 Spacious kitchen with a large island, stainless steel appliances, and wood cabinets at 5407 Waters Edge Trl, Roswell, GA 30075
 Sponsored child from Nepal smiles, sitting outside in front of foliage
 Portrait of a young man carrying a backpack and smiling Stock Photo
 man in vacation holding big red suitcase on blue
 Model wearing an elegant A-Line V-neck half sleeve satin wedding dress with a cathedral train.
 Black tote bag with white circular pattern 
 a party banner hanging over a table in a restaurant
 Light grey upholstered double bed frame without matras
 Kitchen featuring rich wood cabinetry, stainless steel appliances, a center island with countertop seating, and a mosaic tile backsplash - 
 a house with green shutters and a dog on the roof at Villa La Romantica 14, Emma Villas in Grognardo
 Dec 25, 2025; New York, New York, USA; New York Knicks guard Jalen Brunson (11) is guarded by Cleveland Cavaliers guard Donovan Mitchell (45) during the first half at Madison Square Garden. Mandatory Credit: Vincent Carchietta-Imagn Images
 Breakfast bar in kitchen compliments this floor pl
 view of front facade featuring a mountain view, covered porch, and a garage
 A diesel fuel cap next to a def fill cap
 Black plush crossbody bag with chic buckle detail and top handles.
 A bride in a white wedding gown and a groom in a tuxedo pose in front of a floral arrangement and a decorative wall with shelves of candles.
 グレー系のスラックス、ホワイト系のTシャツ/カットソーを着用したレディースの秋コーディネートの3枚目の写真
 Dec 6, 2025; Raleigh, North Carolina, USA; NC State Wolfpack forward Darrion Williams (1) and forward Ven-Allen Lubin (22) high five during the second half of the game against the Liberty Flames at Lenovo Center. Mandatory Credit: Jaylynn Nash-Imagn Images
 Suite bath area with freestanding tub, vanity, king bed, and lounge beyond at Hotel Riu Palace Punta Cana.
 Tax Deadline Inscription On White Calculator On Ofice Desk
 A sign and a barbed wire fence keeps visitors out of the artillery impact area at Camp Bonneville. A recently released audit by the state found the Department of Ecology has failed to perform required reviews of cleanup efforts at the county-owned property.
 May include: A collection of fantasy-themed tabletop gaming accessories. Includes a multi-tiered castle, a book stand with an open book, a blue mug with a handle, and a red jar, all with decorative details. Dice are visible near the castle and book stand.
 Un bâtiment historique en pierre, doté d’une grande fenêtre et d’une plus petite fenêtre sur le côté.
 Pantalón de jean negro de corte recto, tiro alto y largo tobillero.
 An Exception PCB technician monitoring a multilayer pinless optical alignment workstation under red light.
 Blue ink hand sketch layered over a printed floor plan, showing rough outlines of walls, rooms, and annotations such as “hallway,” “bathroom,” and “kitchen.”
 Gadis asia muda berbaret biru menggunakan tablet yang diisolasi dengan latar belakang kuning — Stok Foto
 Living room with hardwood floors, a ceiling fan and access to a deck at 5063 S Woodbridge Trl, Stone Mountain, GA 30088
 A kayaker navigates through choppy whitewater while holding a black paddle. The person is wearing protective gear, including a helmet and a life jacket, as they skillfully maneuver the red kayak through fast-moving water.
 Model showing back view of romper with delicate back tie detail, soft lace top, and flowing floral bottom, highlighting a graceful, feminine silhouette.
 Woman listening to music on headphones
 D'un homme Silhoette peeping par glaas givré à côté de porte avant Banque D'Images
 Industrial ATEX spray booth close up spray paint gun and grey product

################

= Description of the task =
Everything from the line containing "D'un homme Silhoette" to the last line of the material above must be copied exactly, and only that.

= Response =
 D'un homme Silhoette peeping par glaas givré à côté de porte avant Banque D'Images
 Industrial ATEX spray booth close up spray paint gun and grey product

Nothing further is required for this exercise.